Understanding the Problem:
The Fibonacci sequence is defined recursively:
- F(0) = 0
- F(1) = 1
- F(n) = F(n-1) + F(n-2) for n > 1
A naive recursive approach leads to exponential time complexity (O(2^n)) due to redundant calculations. We can drastically improve this.
Optimized Solutions:
Iterative Approach (Linear Time Complexity)
def fibonacci_iterative(n):
a, b = 0, 1
for _ in range(n):
a, b = b, a + b
return a
print(fibonacci_iterative(10)) # Output: 55
- Explanation: We directly compute successive Fibonacci numbers in a loop, storing only the previous two values to calculate the next one. This has O(n) time complexity.
Dynamic Programming with Memoization (Linear Time Complexity)

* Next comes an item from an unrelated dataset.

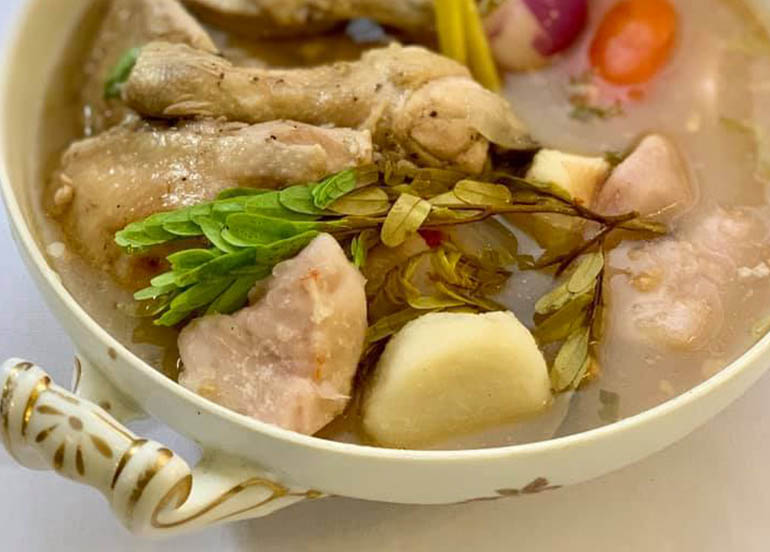 Sinampalukang-Manok-from-Sonya's-Garden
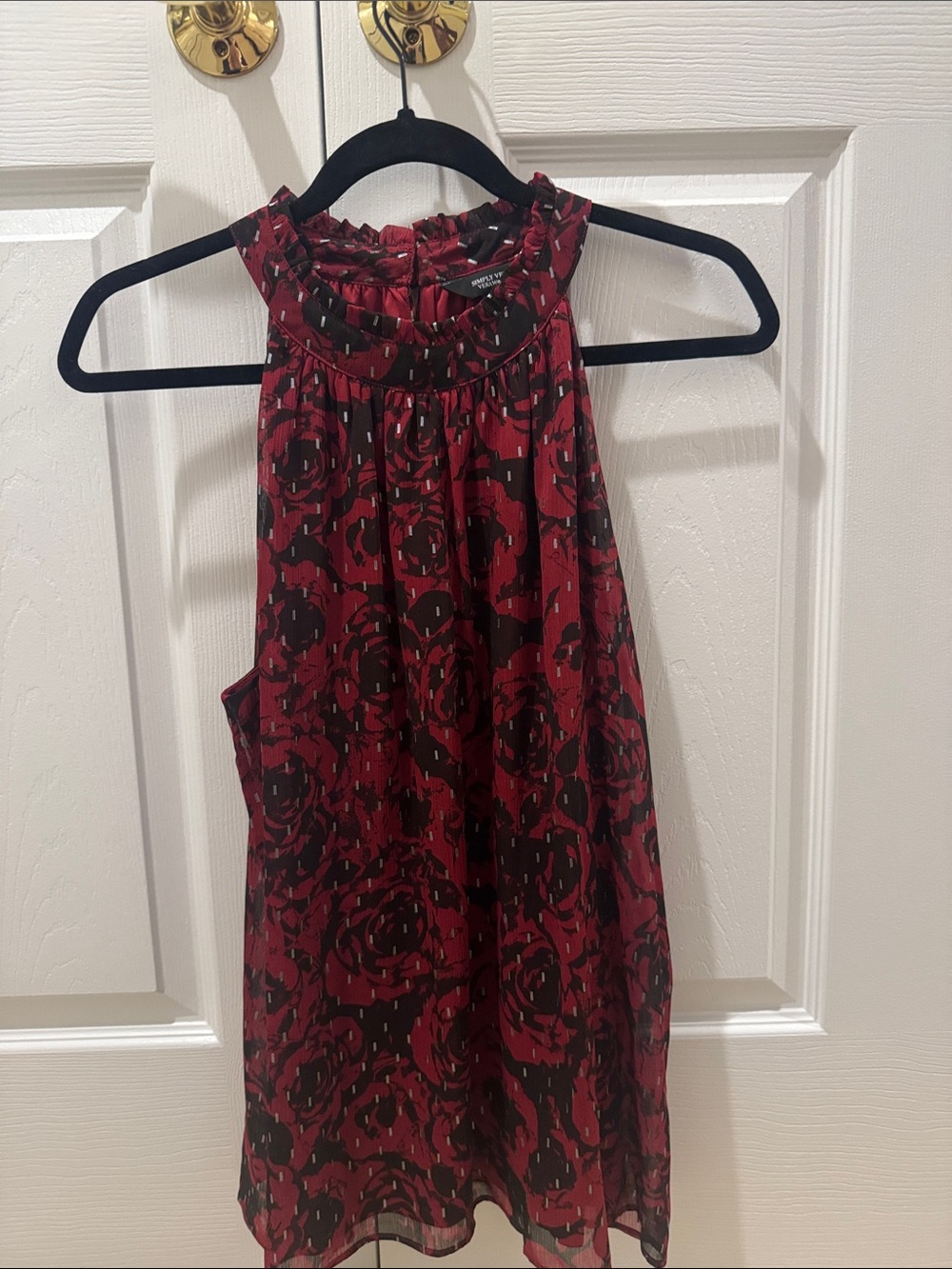 Simply Vera Vera Wang Red and Black Floral Ruffled Neck Tank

def fibonacci_memoization(n, memo={}):
if n in memo:
return memo[n]
if n <= 1:
return n
result = fibonacci_memoization(n-1, memo) + fibonacci_memoization(n-2, memo)
memo[n] = result
return result
print(fibonacci_memoization(10)) # Output: 55
- Explanation: We store the results of calculated Fibonacci numbers to avoid redundant recalculations. This also achieves O(n) time complexity, especially effective when you need multiple Fibonacci numbers in the sequence.
Why These Are Optimal:
These solutions have a linear time complexity of O(n), meaning the execution time grows proportionally to the input size (n). This is the best achievable time complexity for generating Fibonacci numbers, as you need to calculate each number in the sequence.
Key Points:
- The iterative approach is often slightly faster in practice due to less function call overhead.
- Dynamic Programming is more elegant for scenarios where you need to calculate various Fibonacci numbers repeatedly.